Beberapa kasus kematian akibat kecelakaan, tindakan kekerasan dll, sering membuat menyesalkan kejadian itu sekalipun kita bukanlah keluarga korban. Apa yang kita rasakan tentu hal yang wajar dan manusiawi mengingat kematian tersebut “tidak wajar”. Dalam Nibanda disebutkan hendaknya kematian manusia seperti kematian Panca Pandawa, yakni diawali oleh kematian Nakula-Sadewa (kaki), Bima (tenaga), Arjuna (suhu badan dan sinar mata), dan terakhir Dharmawangsa (Roh meninggalkan tubuh). Namun didalam kematian yang disengaja atau tak disengaja, urut-urutan kematian itu tidak terjadi, artinya langsung mati, misalnya mati karena kecelakaan,Itulah yang dinamakan Mati Salah Pati Sedangkan Ulah pati artinya mati karena bunuh diri.
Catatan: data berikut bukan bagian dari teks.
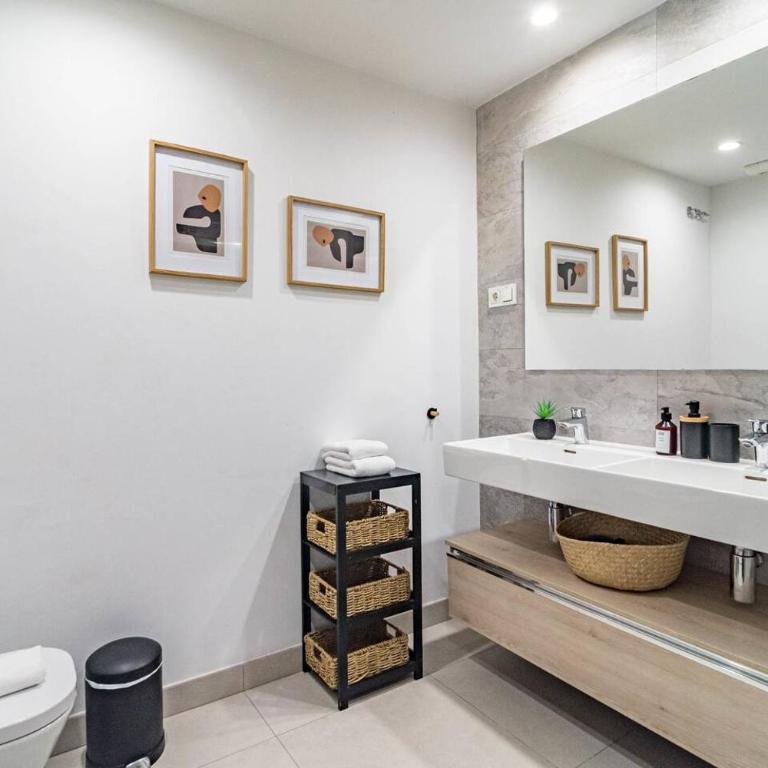 Lme3Bb - Modern Flat With A Stunning 50 M² Terrace - Two-Bedroom Apartment with City View - 25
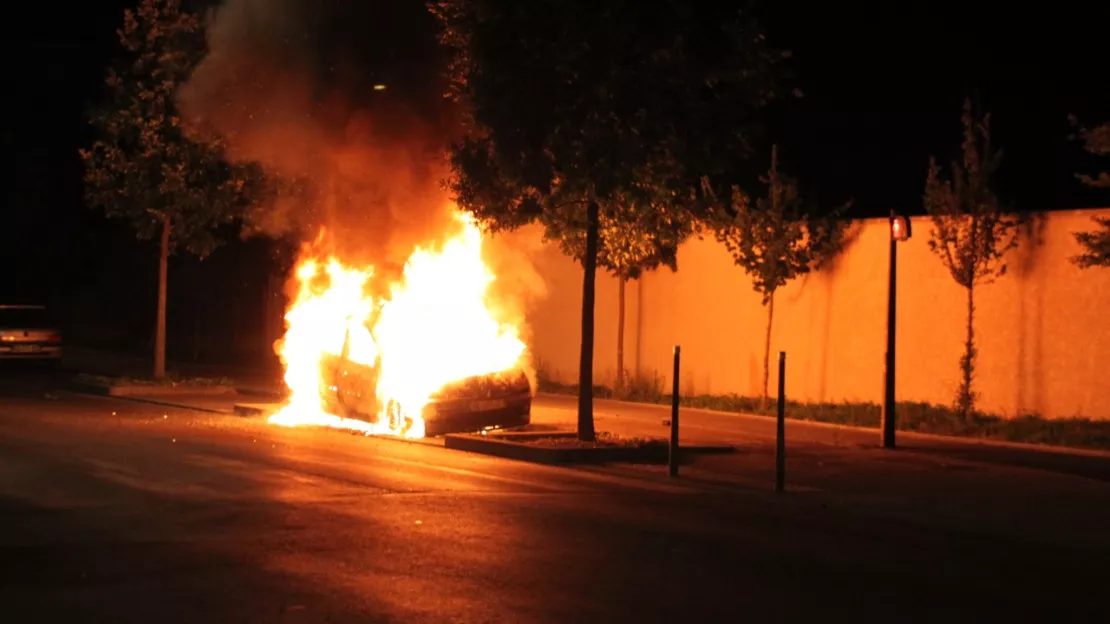 Voitures brûlées la nuit de la Saint-Sylvestre à Lyon : un bilan important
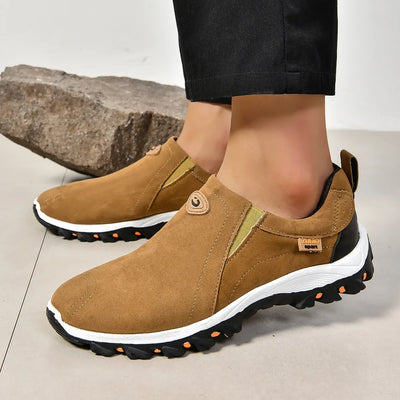 Schwarz Front: Herren Outdoor-Sneaker Schwarz  Rutschfest & wasserdicht  Vorderansicht

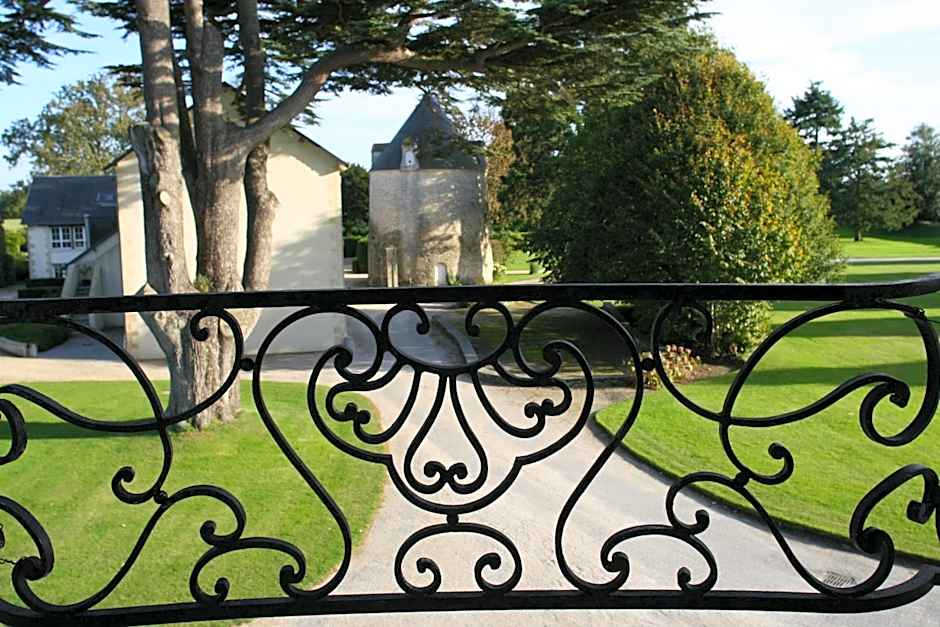Grand Hôtel "Château de Sully" - Piscine & Spa -Teritoria
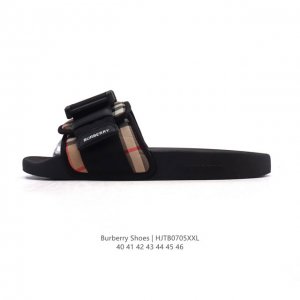 新品公司级 Burberry 巴宝莉 经典复古 时尚简约 网布透气 舒适轻便 露趾 平底 套穿 一字 拖鞋 4076218巴宝莉拖鞋！轻奢感拉满的夏日必备！整个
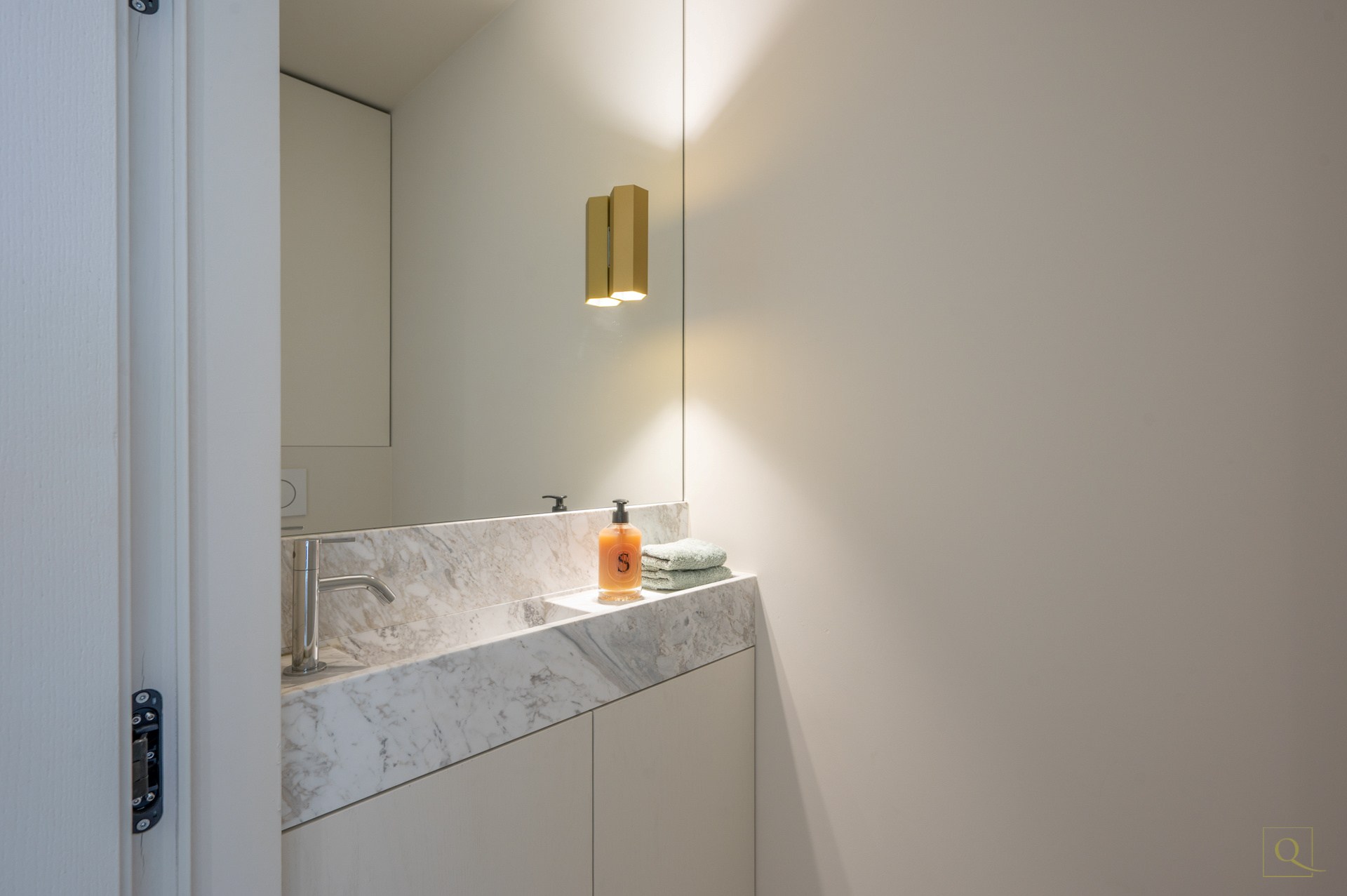 Prachtig gerenoveerd 3-SLPK-appartement nabij de Zeedijk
Image by: Dream, Ilustrasi

Istilah “atma kesasar” sudah lumrah bagi masyarakat Bali. Di setiap wilayah desa di Bali pasti saja ada cerita berkaitan dengan atma kesasar. Hal ini sangatlah wajar, mengingat Hindu Bali dengan filosofi atma tatwa sangatlah rinci dan mendalam mengurai mengenai atma. Namun dalam konteks atma kesasar, sejatinya yang kesasar bukanlah atma itu sendiri, namun “roh”. Sebab “atma” itu sendiri adalah percikan kecil dari “paramatman” yang memiliki sifat sama dengan paramatman. Artinya atma itu sendiri adalah murni dan bebas dari pengaruh suka dan duka. Sedangkan roh adalah atman yang diselubungi cita, budi, manah, ahamkara yakni sudah diliputi keinginan, kemauan, keakuan (ego), kecerdasan, akal, serta pikiran-pikiran baik maupun buruk.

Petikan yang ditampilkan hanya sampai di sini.